Filtering SNP alignments with SKA
By Romain Derelle
SKA is a tool for comparing small and highly similar genomes using split k-mers. This guide explains how to create a SNP alignment from a skf file using the different options implemented in the command ska align (here using ska v0.3.5).
Recommended command line
For those in a hurry, the recommended command line for filtering for precise SNP calling is:
ska align --no-gap-only-sites --filter-ambig-as-missing --filter no-ambig-or-const
Breakdown using an example
In this example, let’s consider a skf file generated using k=51 from Illumina sequencing reads of 45 Mycobacterium tuberculosis isolates collected by the UKHSA, and belonging to the same transmission cluster (i.e. less than 12 SNPs between isolates).
Using the default command ska align, SKA creates a SNP alignment containing 262,123 positions. This is because SKA considers by default the absence of a split k-mer as a potential evolutionary event, and any split k-mer absent in at least one sample will be output.
Some of these samples have quite low coverage, causing k-mers to be erroneously missing. So, we can ask SKA not to output split k-mers differing solely by the presence of missing data (i.e. without any SNP variation) using the command ska align --no-gap-only-sites
. In this case, the SNP alignment is reduced to 181 positions.

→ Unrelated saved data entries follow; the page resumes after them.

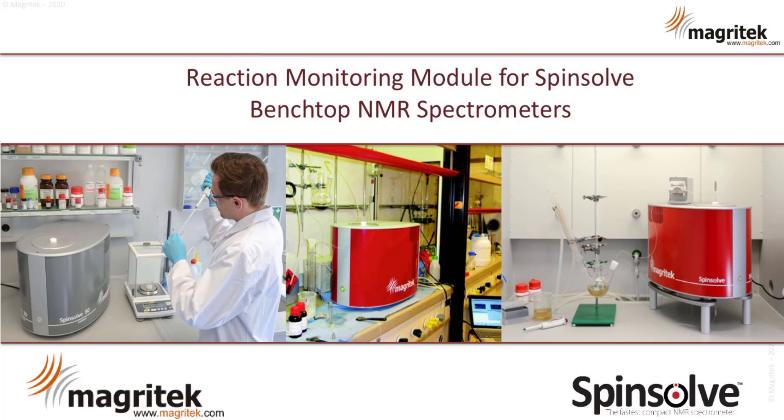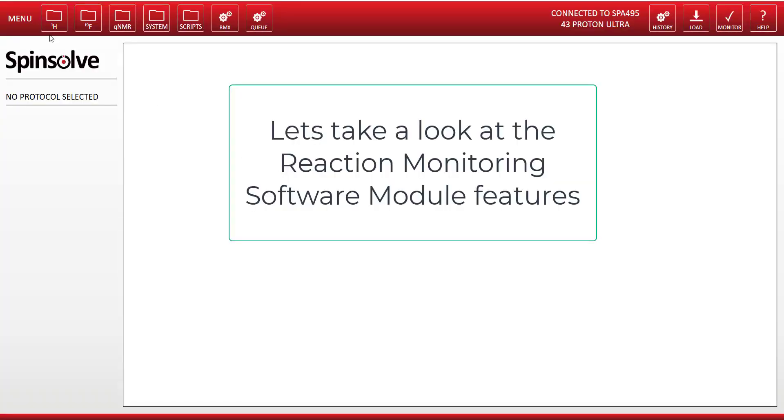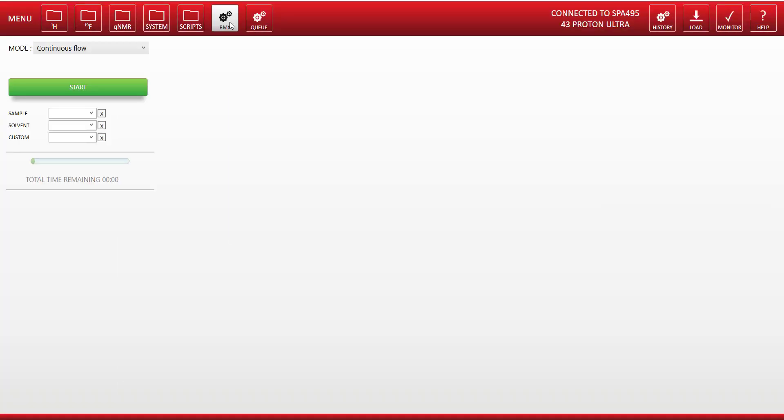In this short video we're going to take a look at the reaction monitoring module for the SpinSolve software to be used with the hardware reaction monitoring setup.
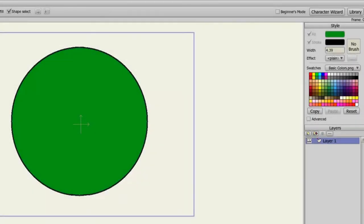The Style Panel in Anime Studio Debut gives you a wide range of options that will directly affect the objects you draw on stage. First, you can affect the fill, stroke, and width of every object you draw.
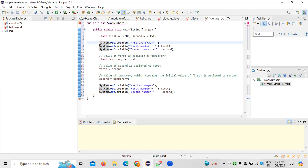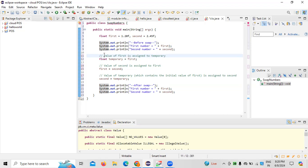Before swapping, we first print the first number and the second number — 1.20 and 2.45. Then we assign the value of the first number to a temporary variable called 'temp'. At the same time, the value of the second number is assigned to the first number. Next, the value of the temporary variable — which holds the initial value of the first number — is assigned to the second number.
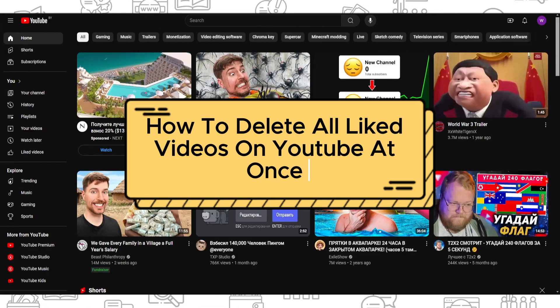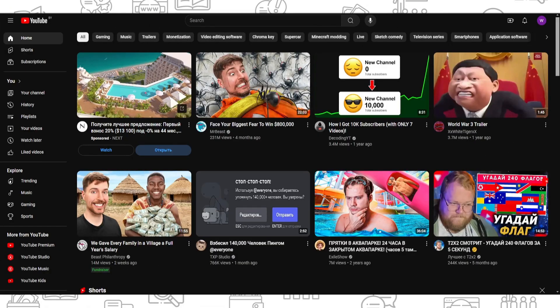Hi everyone, and if you want to know how to delete all videos on YouTube at once, you've come to the right place.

This alignment still contains many positions with a large fraction of ambiguous characters. In Mtb, these positions likely correspond to split k-mers with different middle-bases duplicated in the genome. Variations in coverage between samples mean that in some cases only one of the duplicated split k-mer will be present in the skf file, potentially leading to spurious variation between isolates.
As these are largely due to repeats, to remove these positions, we can ask SKA to consider all ambiguous characters as missing data by adding --filter-ambig-as-missing
. In this case, split k-mers containing a lot of ambiguous characters will be seen as filled with missing data and discarded by the --min-freq
parameter (0.1 by default), producing an alignment of 154 SNPs.
Finally, this alignment still contains lot of positions differing solely by the presence of an ambiguous character. These variants might be real: e.g. SNP in a duplicated split k-mer with same middle-base or intra-isolate polymorphism. They may also be the result of errors: e.g. split k-mer introduced by contamination, unfiltered sequencing errors in high coverage samples, split k-mer introduced by more complex variants.
We can also remove these variants by asking SKA to only output split k-mers with unambiguous ATGC variations by adding --filter no-ambig-or-const
. This produces an alignment of 81 SNPs, identical to those obtained by reference-based read-alignment pipelines.
Hopefully this brief overview gave you a good understanding of ska align’s filtering options.